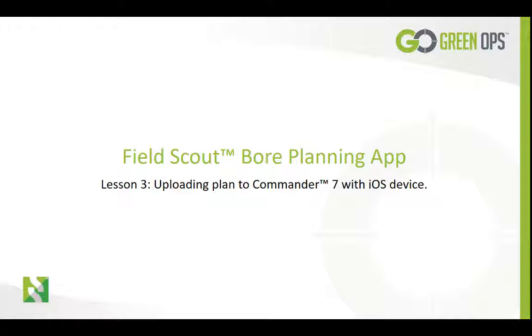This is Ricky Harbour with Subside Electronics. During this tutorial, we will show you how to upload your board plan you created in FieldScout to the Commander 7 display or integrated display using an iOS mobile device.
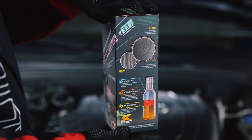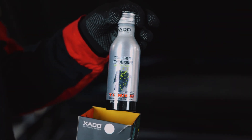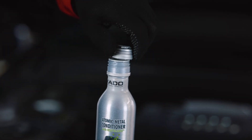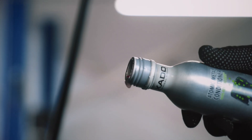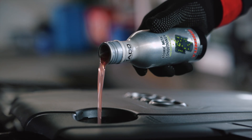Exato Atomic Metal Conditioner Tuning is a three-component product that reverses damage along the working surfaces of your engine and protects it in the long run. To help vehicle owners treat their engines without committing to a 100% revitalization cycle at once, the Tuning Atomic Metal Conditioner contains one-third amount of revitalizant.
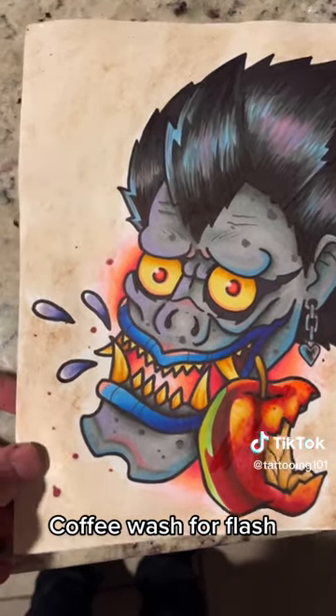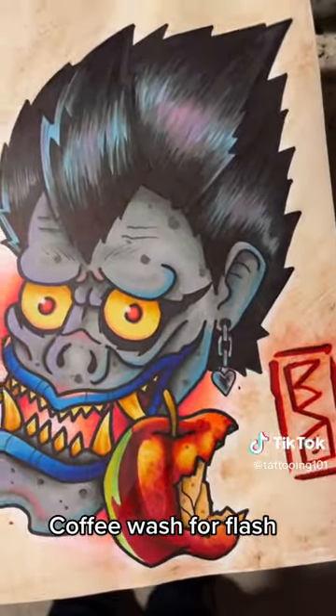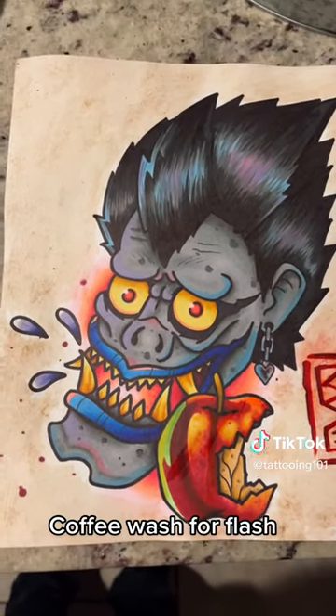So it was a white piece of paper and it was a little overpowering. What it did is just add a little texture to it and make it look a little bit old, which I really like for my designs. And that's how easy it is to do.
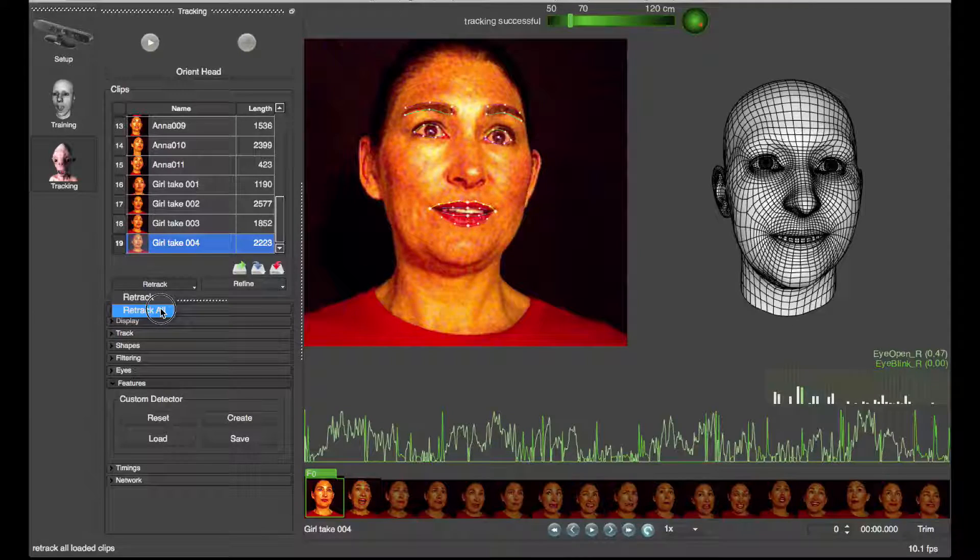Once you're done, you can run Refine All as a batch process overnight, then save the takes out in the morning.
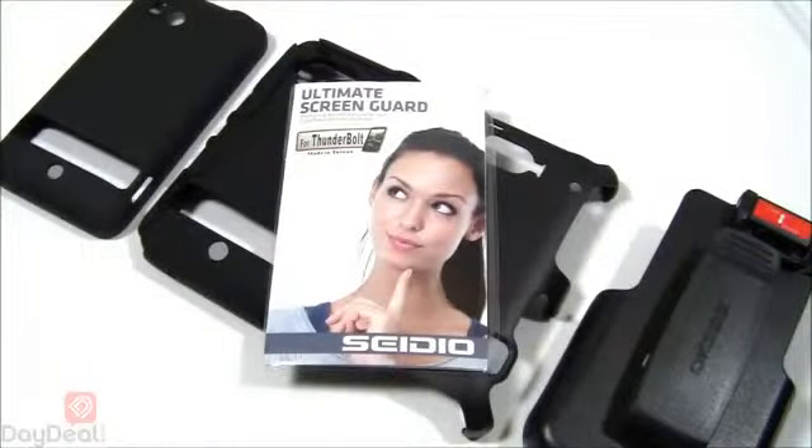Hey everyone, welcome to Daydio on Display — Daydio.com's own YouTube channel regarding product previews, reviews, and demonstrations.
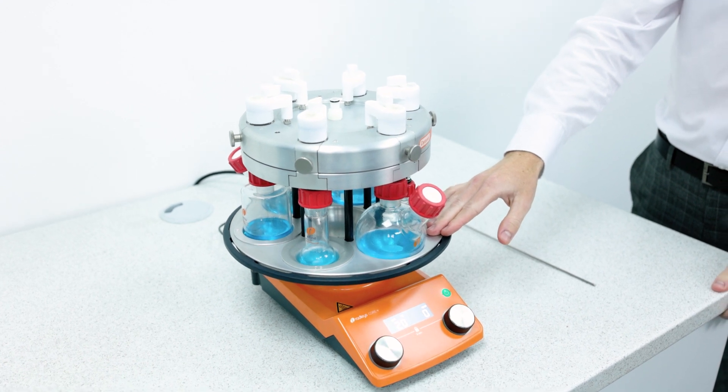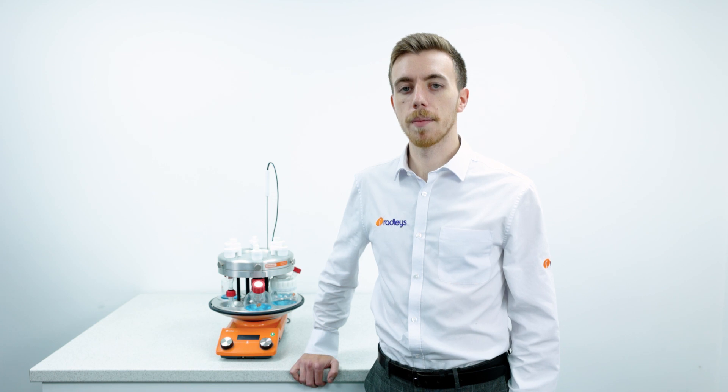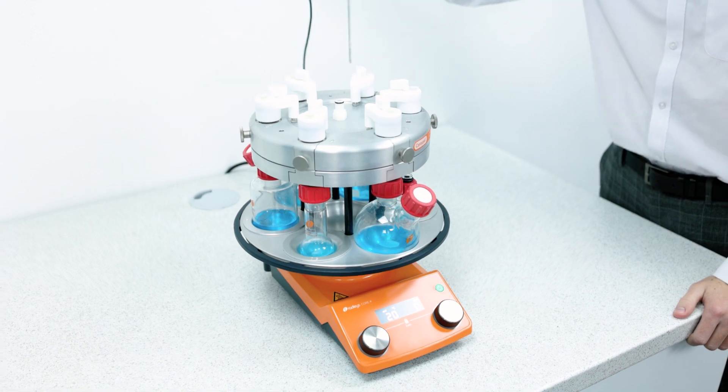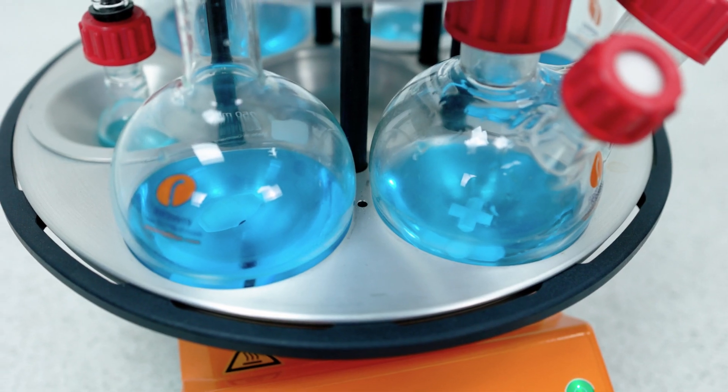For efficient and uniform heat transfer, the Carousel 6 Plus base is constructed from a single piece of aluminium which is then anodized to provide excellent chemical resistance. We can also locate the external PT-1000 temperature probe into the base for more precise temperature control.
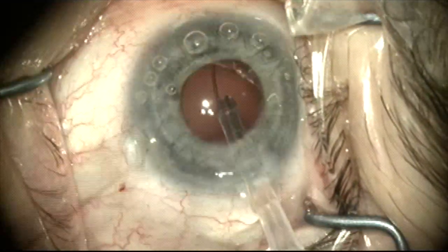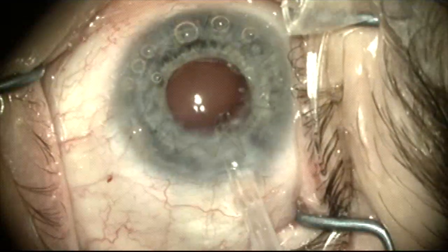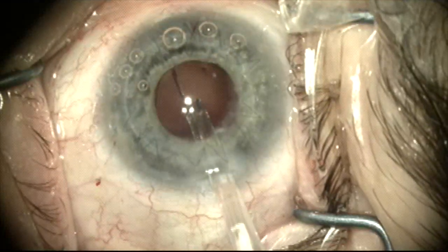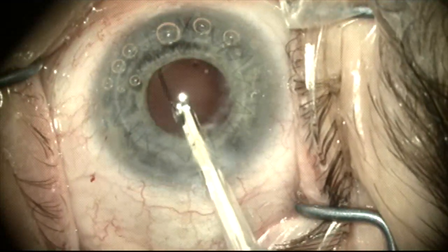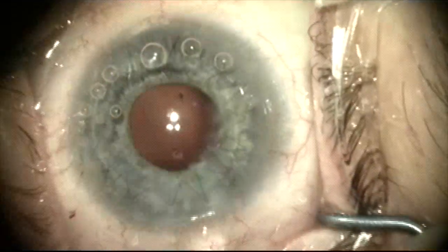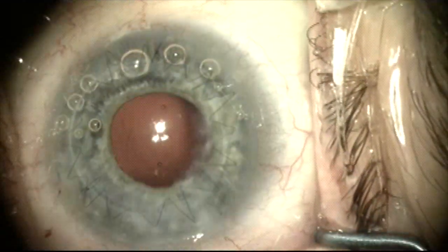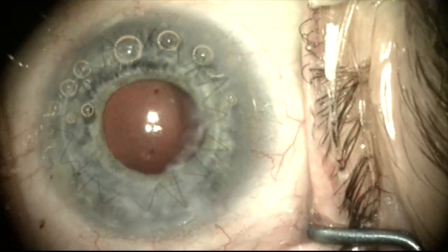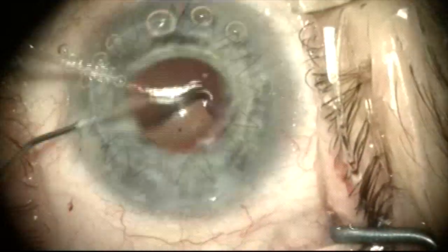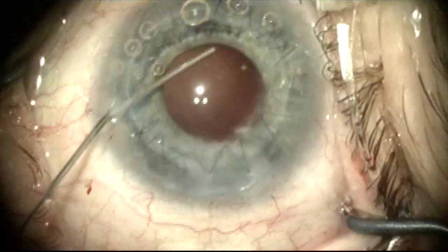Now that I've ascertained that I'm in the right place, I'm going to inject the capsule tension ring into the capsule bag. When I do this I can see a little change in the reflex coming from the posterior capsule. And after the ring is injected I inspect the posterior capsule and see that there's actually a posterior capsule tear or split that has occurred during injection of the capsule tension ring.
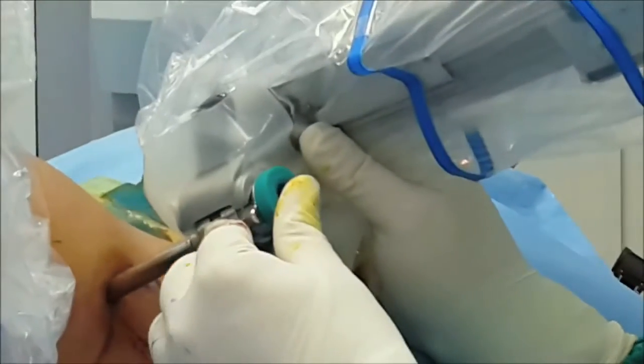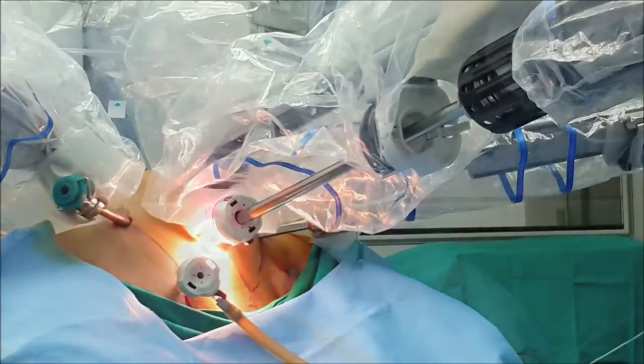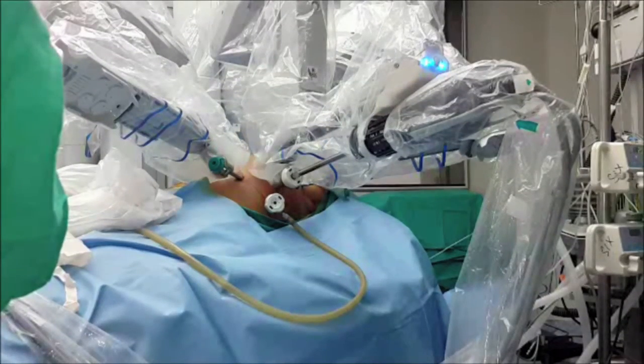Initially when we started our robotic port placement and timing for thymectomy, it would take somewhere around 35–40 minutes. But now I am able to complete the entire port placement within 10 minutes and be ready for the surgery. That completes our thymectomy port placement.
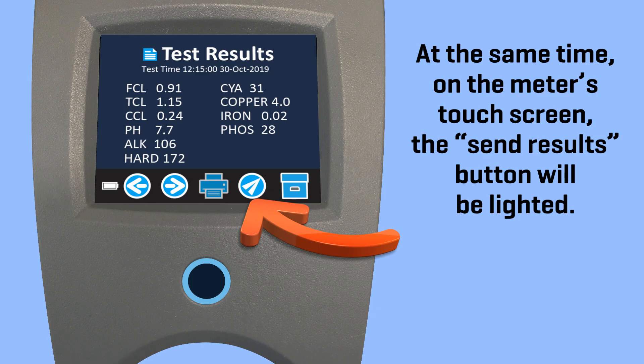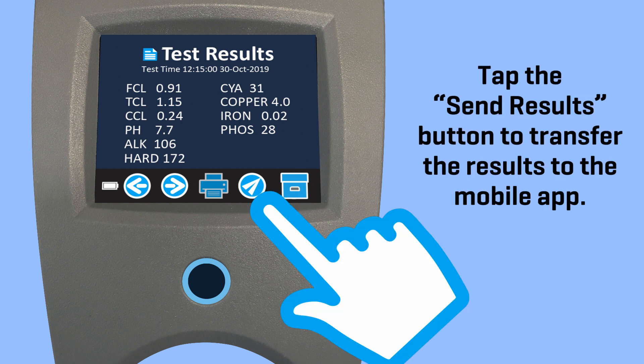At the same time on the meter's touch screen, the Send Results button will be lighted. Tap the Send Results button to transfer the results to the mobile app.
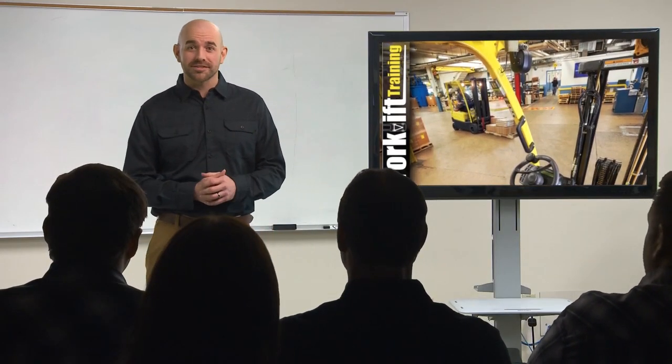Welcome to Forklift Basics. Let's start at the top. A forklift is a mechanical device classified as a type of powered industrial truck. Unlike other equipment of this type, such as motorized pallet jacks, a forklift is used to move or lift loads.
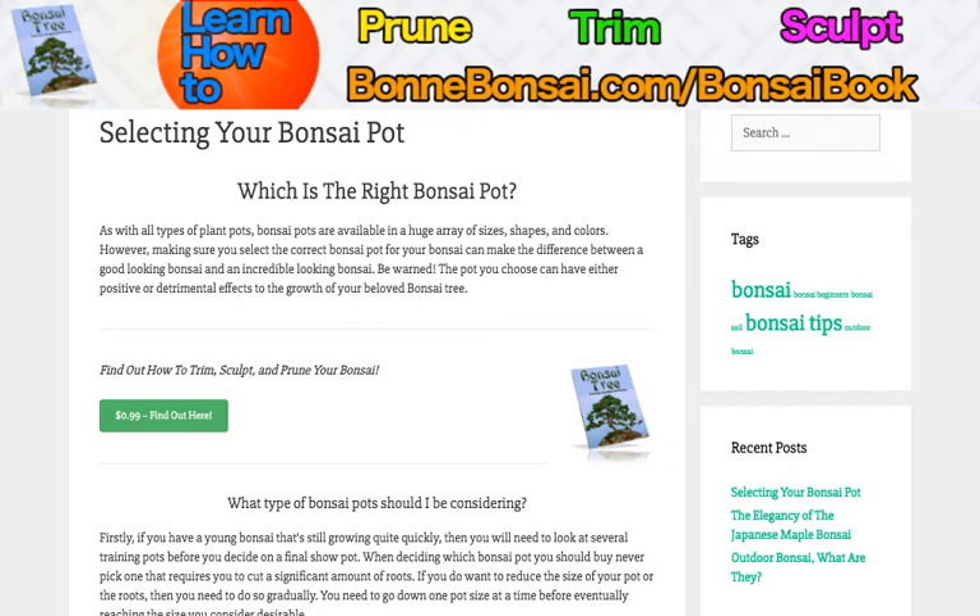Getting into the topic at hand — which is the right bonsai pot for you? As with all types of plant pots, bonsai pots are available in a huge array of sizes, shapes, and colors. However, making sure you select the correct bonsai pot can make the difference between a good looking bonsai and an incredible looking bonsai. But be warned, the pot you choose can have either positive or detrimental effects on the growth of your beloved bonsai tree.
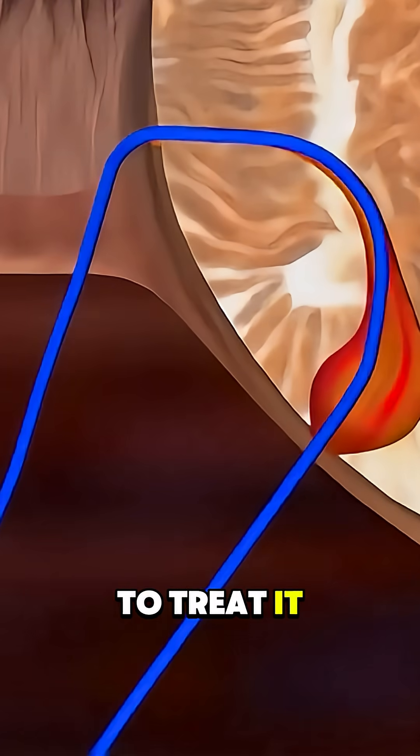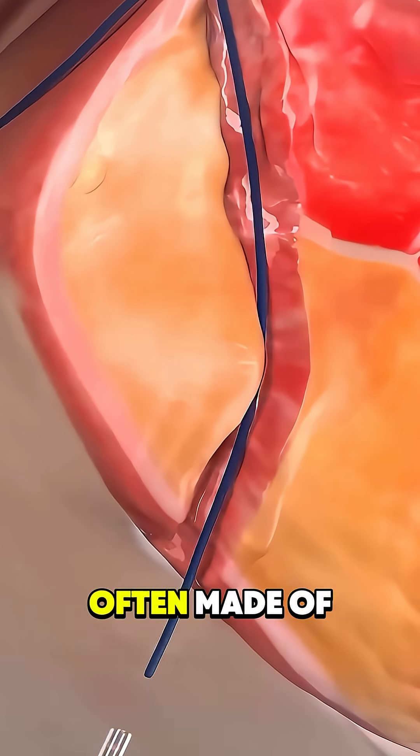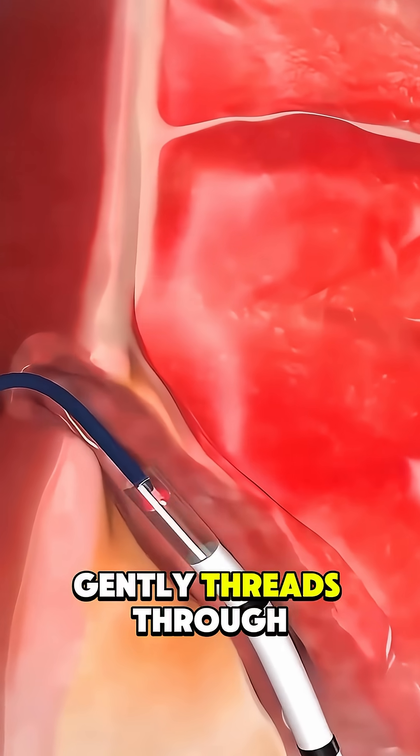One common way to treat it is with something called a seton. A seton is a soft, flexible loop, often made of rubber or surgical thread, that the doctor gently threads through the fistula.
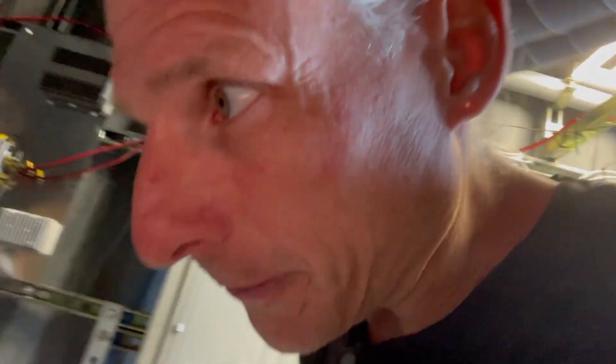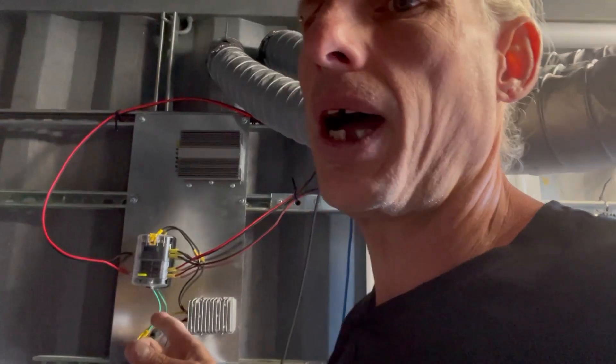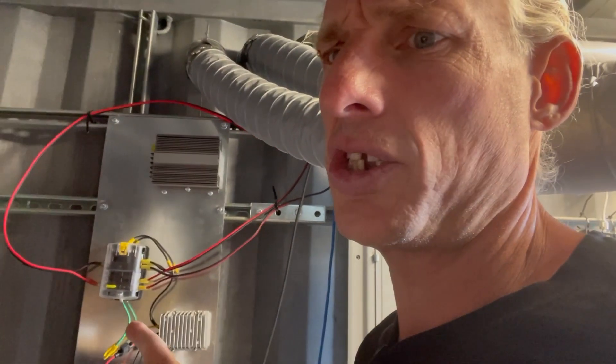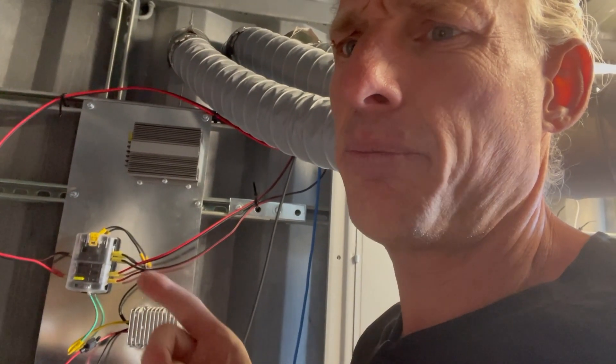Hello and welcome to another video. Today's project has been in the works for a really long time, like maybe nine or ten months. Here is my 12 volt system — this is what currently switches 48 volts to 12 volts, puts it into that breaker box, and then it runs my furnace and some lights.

************

* Exercise objective
Give again the stretch of lines above from the one with "Initially when we" through the one with "One common way", both ends kept, and copy no pictures.

* Answer for the task
Initially when we started our robotic port placement and timing for thymectomy, it would take somewhere around 35–40 minutes. But now I am able to complete the entire port placement within 10 minutes and be ready for the surgery. That completes our thymectomy port placement.
At the same time on the meter's touch screen, the Send Results button will be lighted. Tap the Send Results button to transfer the results to the mobile app.
Welcome to Forklift Basics. Let's start at the top. A forklift is a mechanical device classified as a type of powered industrial truck. Unlike other equipment of this type, such as motorized pallet jacks, a forklift is used to move or lift loads.
Getting into the topic at hand — which is the right bonsai pot for you? As with all types of plant pots, bonsai pots are available in a huge array of sizes, shapes, and colors. However, making sure you select the correct bonsai pot can make the difference between a good looking bonsai and an incredible looking bonsai. But be warned, the pot you choose can have either positive or detrimental effects on the growth of your beloved bonsai tree.
One common way to treat it is with something called a seton. A seton is a soft, flexible loop, often made of rubber or surgical thread, that the doctor gently threads through the fistula.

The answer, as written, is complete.